As the Albuquerque stations balked, La Plata residents turned their frustrations on the FCC, and submitted hundreds of letters to its online public docket. “I feel shut out of what is going on in my own state because we do not have access to Denver television,” wrote a woman from Bayfield. “Granted I live in a forgotten corner of the state, but the goings on with in the state is essential,” wrote someone from Durango. “We would like to be informed voters,” one couple wrote. “I don’t care about New Mexico politics or their elections. We want to see what is going on in our state capital.” Residents have cast their plight as a “ridiculous situation,” “absurd,” and “blatantly obvious at election time.”
Jill Fischer, a paralegal, added her voice to the chorus. “We are in desperate need of Denver programming in La Plata County,” she wrote in 2016. “How are we expected to be educated voters if the only information we receive comes out of New Mexico! We need Colorado news to know what is going on in our state!”

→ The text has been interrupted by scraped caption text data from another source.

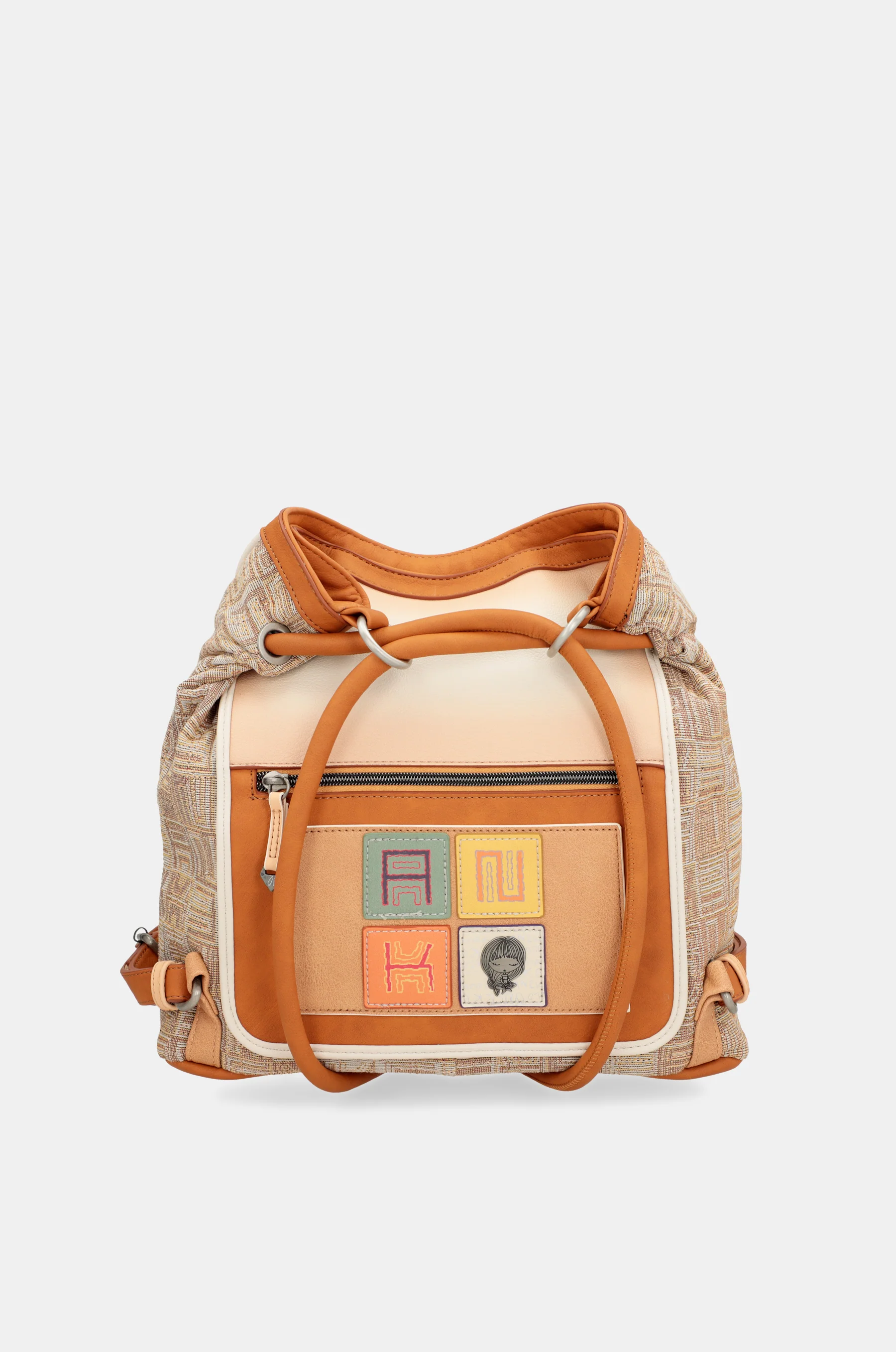 Magic Souls Convertible Crossbody Bag en un sac à dos de Magic Souls - Image 11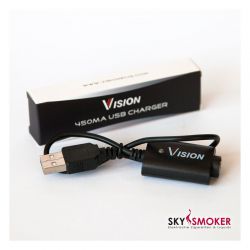 Vision eGo USB-Ladegerät
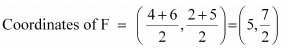 NCERT Solutions for Class 10 Maths Chapter 7 - Coordinate Geometry (Exercise 7.4)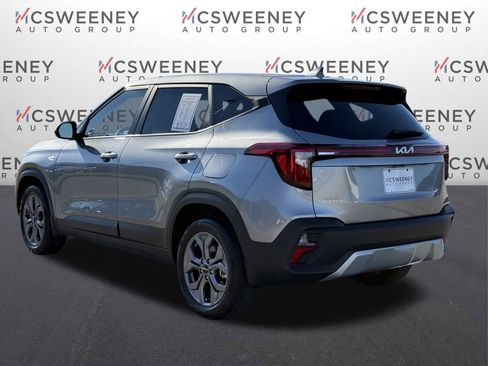 Used 2024 Kia Seltos LX image 3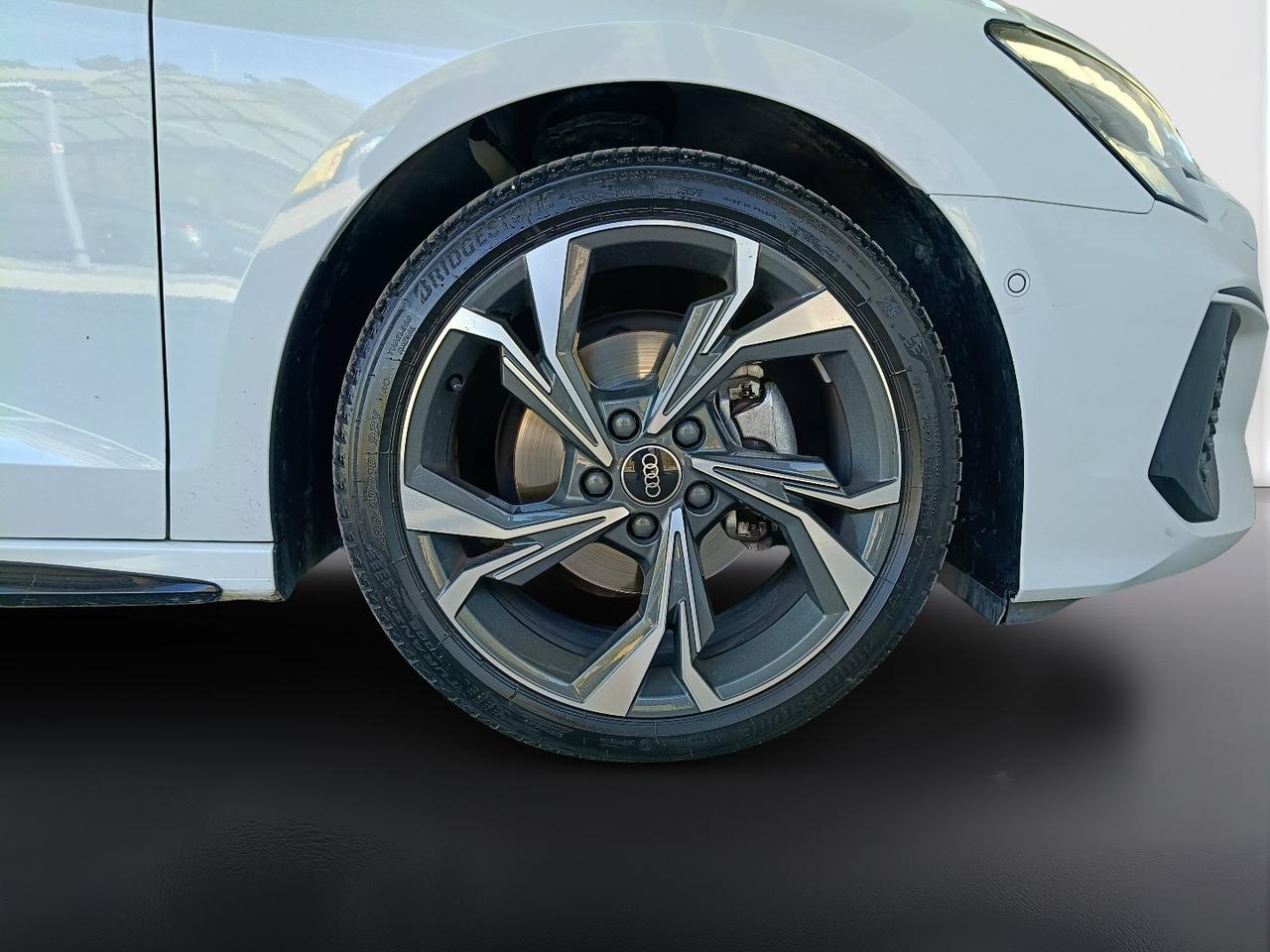 AUDI A3 IV 2020 Sportback - A3 Sportback 35 2.0 tdi S line Editio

La Plata is still waiting for the FCC to make its final call. For now, some residents have found awkward workarounds, from lying to their satellite provider about where they live to taking home a digital antenna from the local public library.
Fischer doesn’t subscribe to those short-term fixes, and is cynical about a long-term solution from the FCC. She’s lived in La Plata for nearly 20 years and has long heard things might change.
“It’s a joke,” she says. “We’ve been waiting for so long. We’ve been promised so much.”
As citizens in this democracy we need to be well informed. If we don’t have access to what’s happening in our state and local governments, it’s hard to fulfill our responsibilities to participate and vote.
LA PLATA, which has a population of nearly 56,000, is an “orphan county,” one of many that pock the US—from the Berkshires of Massachusetts to the northern border of Georgia, through the mountains of Wyoming, parts of Kentucky, and beyond. Some orphan county residents “receive no news coverage and political advertising for their own statewide races, irrelevant information pertaining to candidates in the neighboring state who will not appear on their ballots, or both,” according to a 2010 study published in Political Communication. The same study, by political scientists Keena Lipsitz and Jeremy M. Teigen, estimated that orphan county residents comprise more than 10 percent of the US electorate.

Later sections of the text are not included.